Swollen Sores in 19th Century America

Red swellings on the skin were a sign that the body had lost its healthy equilibrium for a nineteenth century American. Since all parts of the body were interrelated, an external swelling on the skin might bespeak much graver danger. Moreover, the swelling was a clear indication that harmful matter was trapped inside the body and needed to be let out, so that the proper balance of input and output could be restored.

The most important treatment for addressing a skin swelling was to drain out the pus or matter contained within the welt. This might be performed either by the patient, a family member, or the local doctor. Hopefully, when pierced, the swelling would release its contents with two important benefits. First, the harmful matter would be released, and second, it could be studied to reveal the nature of the illness that caused it. If the swelling released matter successfully, a patient would be much relieved. A couple of stories from the family of Stephen and Mary Hempstead, frontier settlers in Saint Louis, illustrate the importance of removing the contents of the swelling:

"Throughout their years in Missouri, many in the Hempstead family were beset with painful, drawn-together eruptions that held serious consequences. 'My wife complains of some thing gathering on her back and right Shoulder," Stephen Hempstead wrote in 1814. The family's physician made repeated deep incisions to discharge 'much matter' and bring out of the body all that was gathered in the abscess. Thought it was "a Shocking Sore," the ulcer was ultimately resolved and Mary Hempstead returned to health." (1)

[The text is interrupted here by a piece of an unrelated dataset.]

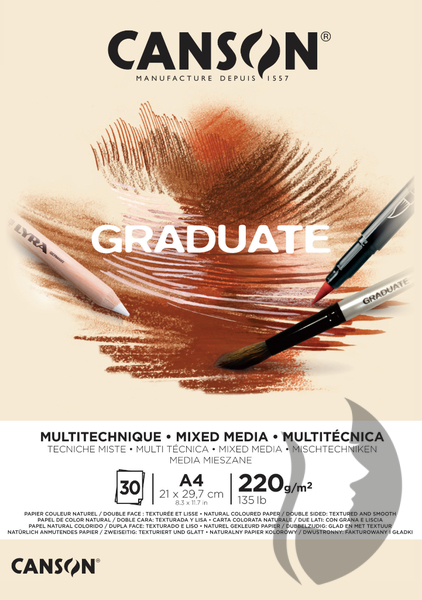 CANSON Graduate Mix-Med skicák lepený - 220 g/m2 - 30 listů NATURAL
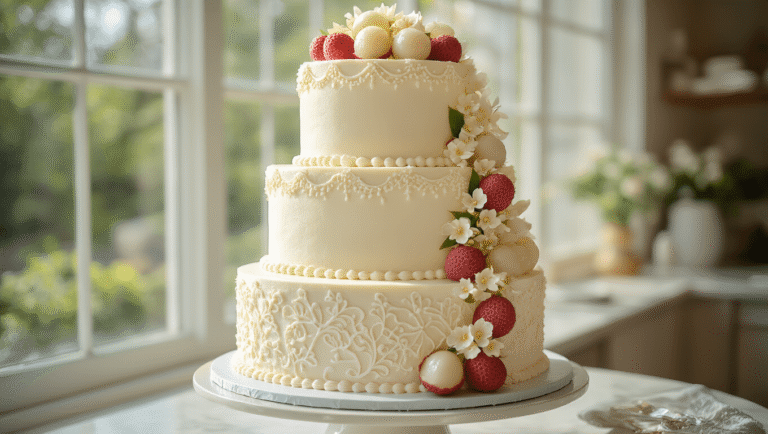 Coconut Lychee Wedding Cake Recipe Photorealistic three-tiered wedding cake adorned with coconut buttercream, fresh lychees, and sugar flowers, displayed on a silver pedestal in a sunlit bakery, with artfully arranged ingredients in the foreground and soft bokeh background.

Mary Hempstead returned to health after the harmful matter was released. By contrast, their grandson was not so lucky when he developed a sore that would not release its contents:

"In May of 1829, Stephen HempsteadŐs grandson, Christopher Keeney, a young physician, came to visit 'sick with a rising on his back Very dangerous.' A month later Keeney was still afflicted, 'in great body pain with an abisces or rising on his back bone.' The treatment given the young man was meant to aid the body in its struggle to consolidate the putrid material. A week later the family doctor was busy 'polticeing the abciss a trying to bring it to a head.' Despite the poultice, however, the rising refused to give up its essence. When lanced, it 'discharged no matter.' Dejected, Stephen Hempstead wrote that 'the abses hath been more then one year a growing, and I am fearful the young man will never get well he is coninuel in pain and ... much Emaciated in Body and his leg & foot debilitated.' ... The failure of medical intervention to bring out and expel the fluids filling Keeney's back abscess meant his prognosis was very grave, and indeed he died a brief time later." (2)

Notes:

1. Valencius, Conevery Bolton. The Health of the Country: How American Settlers Understood Themselves and Their Land. New York: Basic Books, 2002. pp. 67-68

2. ibid, p. 68.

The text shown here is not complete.